Extended Topics in Algebra and Geometry is a course designed for students who have had some initial exposure to Algebra 1 and Geometry and who have demonstrated strong interest, independence, and achievement in mathematics. Students move beyond straightforward application of algorithms, focusing on problem-solving in context. This course delves deeply into algebra topics, uses algebraic processes to tackle geometry topics, and moves at a more challenging pace. Topics covered include linear equations and inequalities; systems of equations and inequalities; linear and nonlinear (quadratic, exponential and rational) functions and their transformations; and quadratic equations and their solutions. Geometry topics covered include proof, logic and reasoning; extended work with coordinate geometry; circles; triangles (including right triangle trigonometry); quadrilaterals; and measuring irregular shapes for area, volume, and surface area. Graphing calculators, including Desmos and TI-84s, are used to support learning, along with other applications such as Geogebra.
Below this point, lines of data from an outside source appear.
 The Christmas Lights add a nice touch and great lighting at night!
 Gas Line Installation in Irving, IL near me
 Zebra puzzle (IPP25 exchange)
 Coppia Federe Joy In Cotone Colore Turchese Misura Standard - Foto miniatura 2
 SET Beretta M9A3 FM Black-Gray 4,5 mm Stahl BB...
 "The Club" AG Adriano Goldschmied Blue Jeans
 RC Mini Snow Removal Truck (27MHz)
Geometry is a secondary school course that deepens students’ understanding of plane and solid geometric figures while fostering their abilities to analyze, justify, and communicate information about geometric relationships and write geometric proofs. Topics include congruent and similar triangles; parallel and perpendicular lines; right triangle trigonometry; polygons; circles and solids; transformations; and constructions. Algebra topics are integrated throughout the course to provide a solid and broad foundation for advanced mathematics courses. Geometry has a balanced focus on inductive and deductive reasoning, providing students with some practice with proofs. The Geometry Advanced course is for more independent learners and is a proof-based curriculum focusing on the development of inductive reasoning. Students in both courses use technology such as Geogebra or Desmos to further demonstrate understanding of the geometry topics.
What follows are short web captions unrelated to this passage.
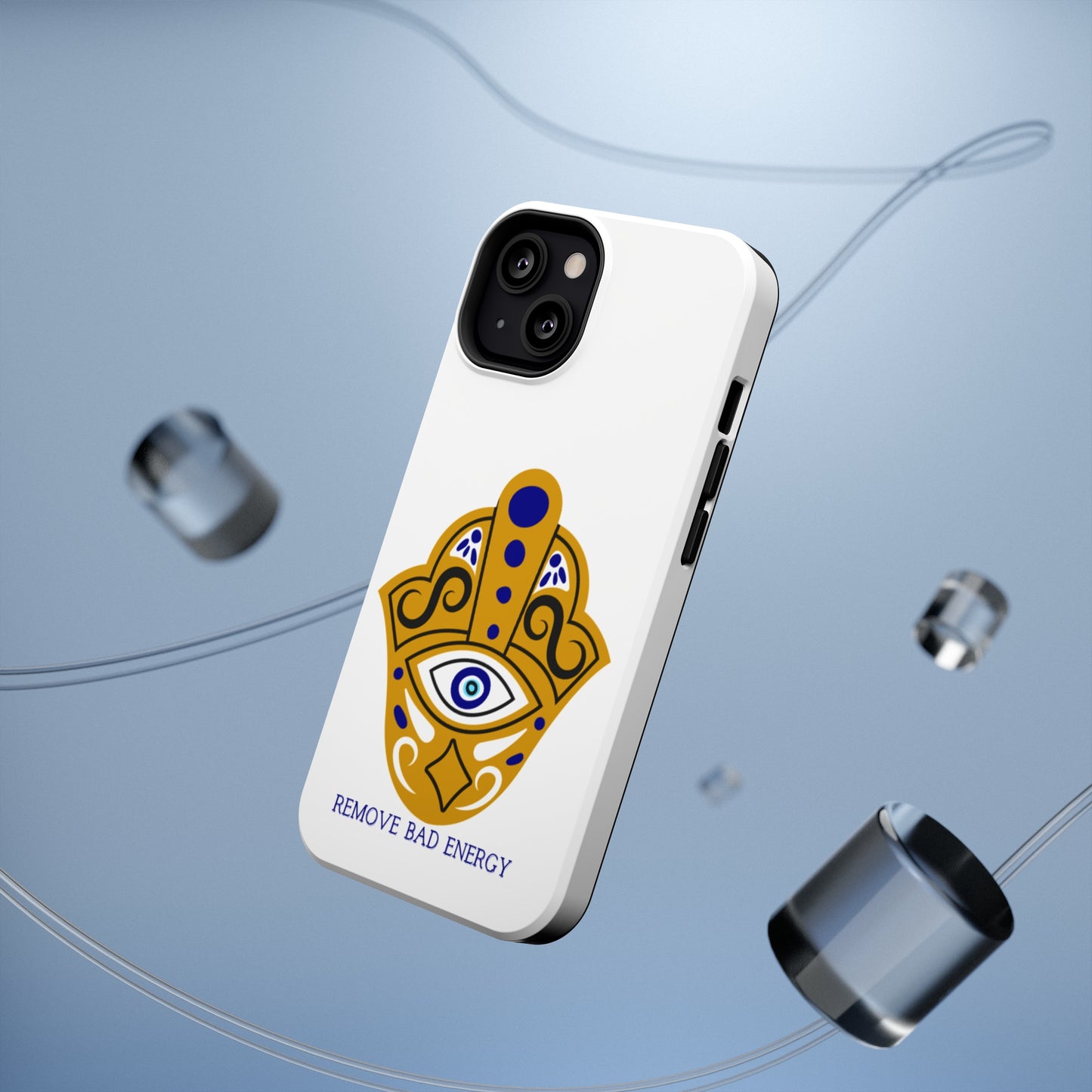 Evil Eye protection * Impact-Resistant Cases
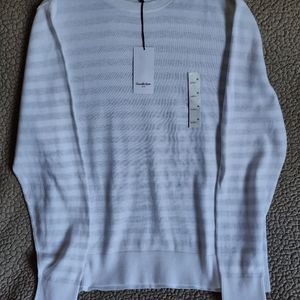 Men's Goodfellow & Co Striped Crewneck NWT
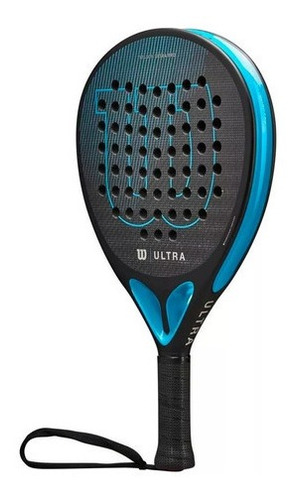 Paleta De Padel Wilson Ultra Pro V2 Carbono Rugosa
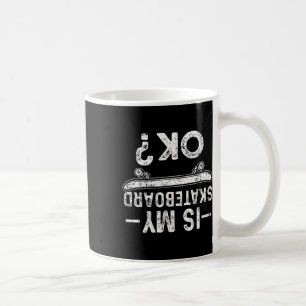 Skateboard Skateboarding Skateboarder Vintage Gift Coffee Mug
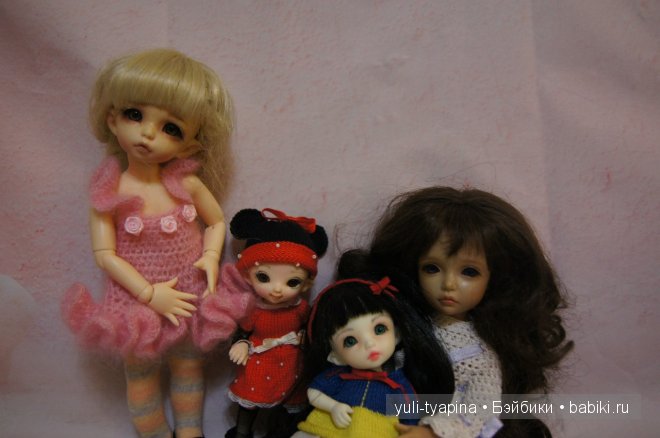 Белоснежка — Куклы Fairyland (ФэйриЛэнд): BJD (БЖД)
This course is a full-year study of advanced algebra for students who have completed Algebra I and a formal geometry course. Evidence of readiness and approval by the chair of the Mathematics Department is required to enroll. Topics include data analysis; sequences and recursion; functions; trigonometry; matrices; exponential and logarithmic functions; and conic sections. Students will also study irrational and complex numbers, polynomial equations, analytic geometry, and statistics. A TI 84 Plus graphing calculator is required in order to fully explore functions.
Pre-Calculus is a full-year course that prepares students for Calculus. Drawing on algebra, geometry, and arithmetic, the course synthesizes students’ prior mathematical work while introducing ideas of calculus. Topics include analysis of polynomial, rational, exponential, logarithmic, and trigonometric functions; complex numbers; mathematical induction; vectors in the plane; polar geometry; analytic geometry and conic sections; statistics, the normal distribution, and basic combinatorics; and area under curves. Moving at a challenging pace, the course emphasizes conceptual understanding, problem solving, and proof.